In another related occurrence, Phil Bacharach, a spokesperson for Attorney General Gentner Drummond, said, “We are very concerned by what appeared to be a willful violation of the Open Meeting Act.” He noted that his office is investigating and will “take appropriate action.”

Walters had an eventful August.

Observations

Former school teacher, Ryan Walters, with no administrative experience was put in charge of Oklahoma education by Governor Kevin Stitt. The only obvious reason for his selection is he is a Christian culture warrior. Makes me wonder if Oklahoma has been captured by a dangerous Christian cult?

A member of the Republican Party, Walters, has been a vocal critic of critical race theory, LGBT students’ rights, and teachers’ unions. He has been described as “the state’s top culture warrior.” Walters appointed anti-gay “The Libs of TikTok” creator, Chaya Raichik, to the Oklahoma Library Advisory Board.
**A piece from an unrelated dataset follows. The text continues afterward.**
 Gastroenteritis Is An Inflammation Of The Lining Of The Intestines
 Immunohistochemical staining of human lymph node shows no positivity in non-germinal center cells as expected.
He campaigned for and won the removal of Tulsa Public Schools Superintendent Deborah Gist and supported the conservative political organization Moms for Liberty.

When non-binary, Nex Benedict, died after an horrific bathroom beating, Walters showed off his profound ignorance saying he does not believe non-binary or transgender people exit. He stated:

“There’s not multiple genders. There’s two. That’s how God created us.”

This is what it looks like when a dangerous cult gains power.